This writeup covers how to set up sensorless homing on an Octopus 1.1 with 2209 drivers. Different drivers and/or MCUs may differ. Adjust accordingly.

Also note that there are example working configurations at the bottom of this guide. Use them as examples based on your MCU and drivers, etc.

IF YOU DO NOT READ THIS CAREFULLY AND ADJUST THINGS WHEN NEEDED YOU WILL BE SAD. IF YOU USE A PHYSICAL ENDSTOP YOU MUST CHANGE MACROS TO HOME Z TO THE ENDSTOP PIN, NOT THE MIDDLE OF THE BED. YOU HAVE BEEN WARNED!

At the end of this document is a section with working examples you can use as a reference for some common hardware

Getting started

Since this example revolves around an Octopus 1.1, you need to verify which diag jumpers to install based on your hardware and motor positions.

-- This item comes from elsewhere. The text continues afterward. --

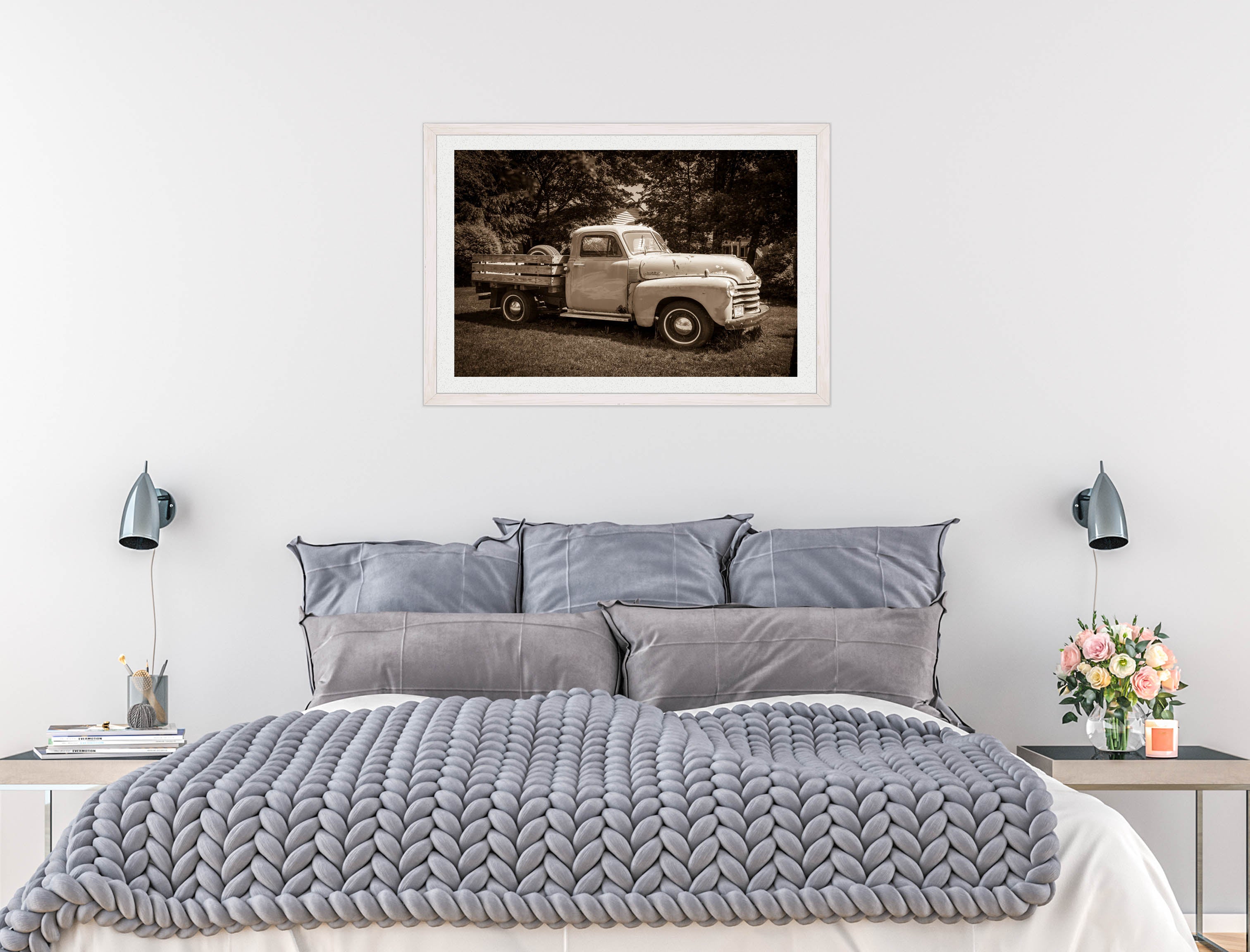 Vintage Pickup Truck  - Framed Photo - White Frame on Dining Room Room Wall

The examples below serve to illustrate the process.

Power off the printer gracefully
Physically disconnect the X and Y endstop connections from the MCU.
Plug in jumpers on the DIAG ports as shown below (J16 and J17). We use these ports since these are the corresponding diag jumpers for where our XY steppers are connected.
Start up the printer and wait for it to boot
MAKE A BACKUP OF YOUR CONFIG (or better yet go do this)

Choose your own adventure

Here we come to a choice. Do you want to use stock Klipper and macros to control homing, or do you want to switch to an alternate version of Klipper, named Danger Klipper (do not worry. its not really dangerous)?

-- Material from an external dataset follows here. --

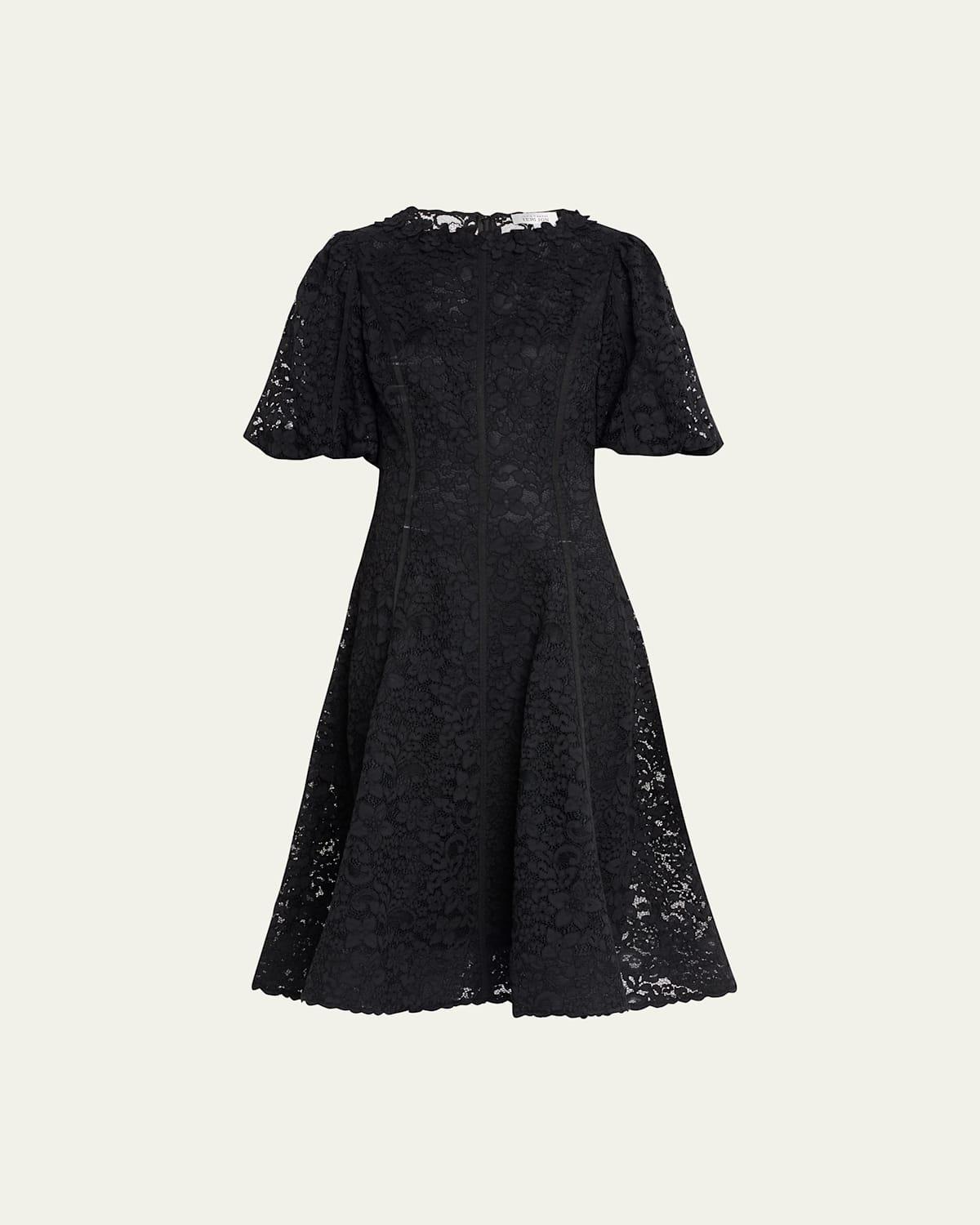 Womens Balloon-Sleeve Floral Lace Cocktail Dress Product Image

The Danger Klipper route will make things simpler from the configuration side, but in the end, your printer will home either way without too much fuss. Pick ONE of the two options below, either Stock Klipper or Danger Klipper.

Stock Klipper

In this path, you will need to download some macros dependong on your printer. If you do not have a v0 or a 2.4, you can tweak whichever makes the most sense for you. When in doubt, ask in the Voron Discord channel for your printer

Create a new file in the location of your choosing named homing.cfg
Open another browser tab and open this page if you have a 2.4, or this page if you have a v0.
Edit homing.cfg
Add the macro from step 7 to homing.cfg. Be sure to edit the coordinates as needed for your bed in the Z section (the line that reads **G1 X175 Y175 F15000**). IE to the center of the bed, your endstop pin for z, etc.
Save homing.cfg
Edit your printer.cfg file
If you have a [safe_z_home] section, find it and comment it out as we will be using homing override as found in homing.cfg.

The [homing_override] block we have in the above macros is now going to be responsible for all homing, whether via the buttons in Mainsail or Fluidd, or via commands like G28 X, etc. This override allows us, the end user, to customize how the homing operation happens. When using sensorless, this is important, as it lets us adjust things like the current used for homing, etc. More on this later.

Danger Klipper

While it sounds dangerous, there is nothing to be afraid of! Choosing this route means you do not need to do any of the macro stuff as listed above, as we can just simply add a new property in our X and Y driver section to handle homing current. Thats it!

If you want to switch to Danger Klipper, now is the time to do so. You can follow this other guide to make the switch! Switching will not make you change anything else about your configuration.

Updating your configuration

Regardless of the choice you made above, with the initial steps behind you, we now have to adjust some existing settings in the configuration file.

Note that the examples below are using the 2209 drivers. Adjust the drivers_ line depending on which drivers you actually have!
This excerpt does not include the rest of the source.